If you’re a genuinely good student with professors who know you, this should be no problem. Your professors want to see you succeed. Something wild to consider now: you might even be asked to write your own letter of recommendation to help the professor save time! They’ll edit it and make adjustments before it’s sent. This could be helpful if there are specific things you hope they include.

6) Law School Interview (this is not offered at every school)

While undergraduate interviews at top-tier schools are the norm, law school interviews aren’t common. In fact, many schools have no option to interview at all. When applicants are invited to attend an interview, they have the chance to show the school they have the right temperament to be an attorney.

Interviews may be used to weed out applicants who are pursuing law school for the wrong reasons. By asking questions about their interest in law, the interviewer can learn about the interviewee’s motivations for pursuing a degree in law. The interview committee wants to identify character traits that would be beneficial for a career in law, such as confidence, maturity, honesty, good understanding of the world around them, leadership, etc.

If you apply to law school and are invited to participate in an interview, use this opportunity to showcase your personality and character. If you’re generally good with people, an interview could be to your advantage!

7) (Optional) Diversity Statement

While not exactly a requirement because it’s optional and all, the diversity statement is potentially another piece of the law school admissions puzzle. Some schools offer this optional essay.

Not everyone should submit a diversity statement, but it can be a great tool for sharing how your unique perspective will contribute to the incoming law school class.

Unlike a law school personal statement, the diversity statement is short. It holds the focus of providing detail about your background. You can share about experiences from childhood that shaped you into the person you are today.

If you choose to submit a diversity statement, remember to write it in a way that shows what you bring to the table.  

Pro tip: be careful that you write from the perspective as someone who has something unique to offer and not as someone who is only looking for sympathy. You want to present yourself as a student who can handle the rigor of law school. This requires maturity.

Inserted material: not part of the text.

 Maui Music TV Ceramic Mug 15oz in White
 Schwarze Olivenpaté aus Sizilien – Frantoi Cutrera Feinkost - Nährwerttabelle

For more details on the kind of information to include in your diversity statement, check out Law School Personal Statement VERSUS Diversity Statement…Nail Them Both. It will give you lots of helpful advice!

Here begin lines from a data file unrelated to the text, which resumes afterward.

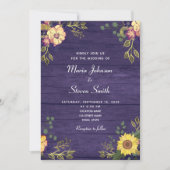 カントリー素朴パープルフローラ結婚式招待状 招待状 (正面)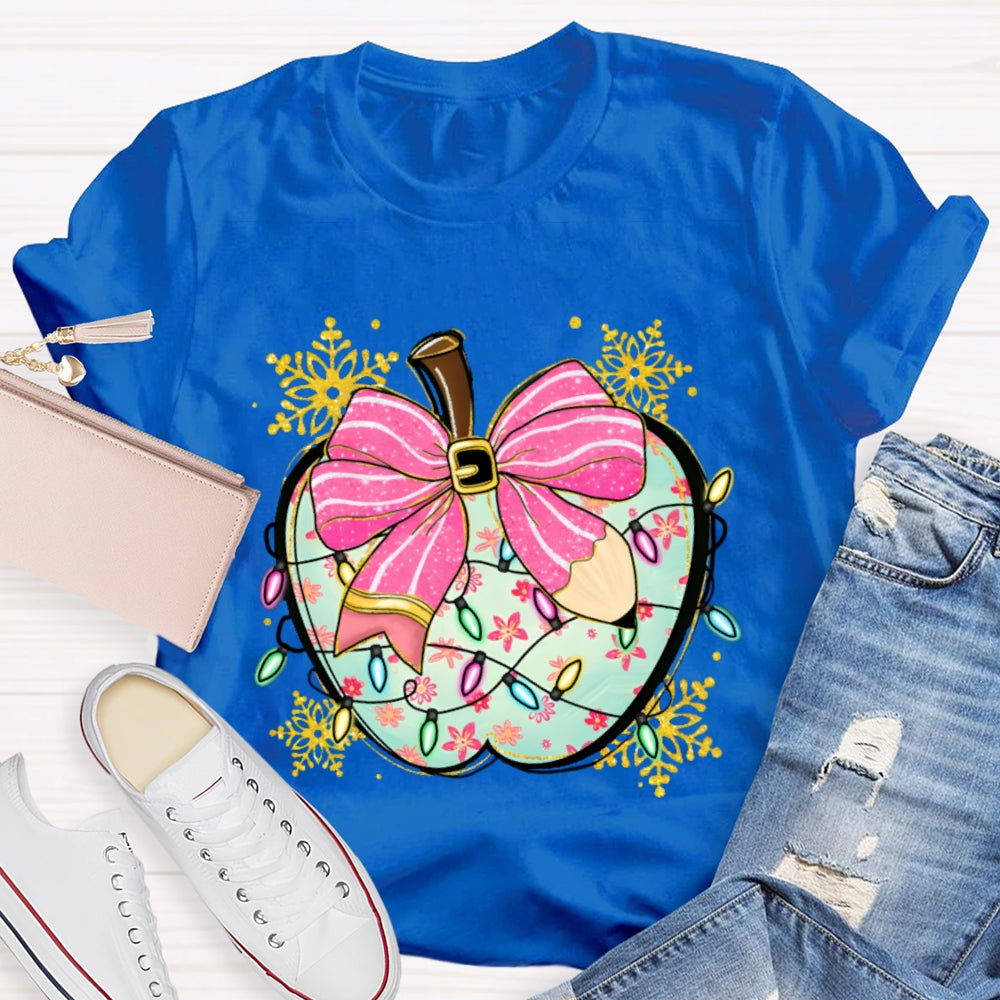 Pink Pencil Bow Apple And Christmas Lights T-shirt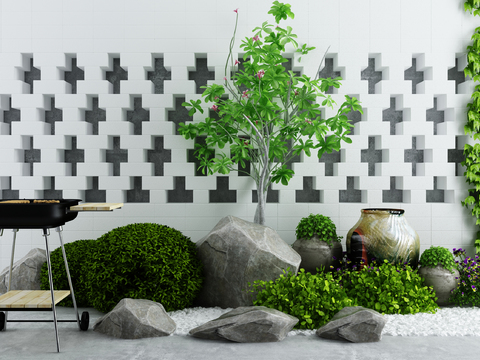  现代阳台庭院景观小品植物假山3d模型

8) (Sometimes Optional) Addendum

We’re now at our eighth and final law school admissions requirement… yay! You’ve made it this far in this ultimate guide, so I have to commend you. You take these law school admissions requirements seriously.

Now we’re going to cover the addendum. It’s sometimes optional like the title says, but here’s the scoop: I don’t want to downplay the importance of carefully considering the other parts of the application, but this one might need even more serious thought. Your law school addendum is available to help you explain a blemish on your application. It’s used to address a situation that could cause the admissions committee to have a negative view of you.

Addendums can be used to explain criminal or bad behavior, sudden changes in LSAT scores, or abnormally low grades. Like I said with the diversity statement, be careful that the way you describe situations doesn’t look like a plea for sympathy. The admissions committee can see right through that. Make sure your reasoning is genuine and not just an excuse for not applying yourself like you wish you had.

If you’re wondering about whether you should submit an addendum, you should probably check out my blog post called 5 Law School Addendum Myths That Will Surprise You. It will guide you through some dos and don’ts of the law school addendum.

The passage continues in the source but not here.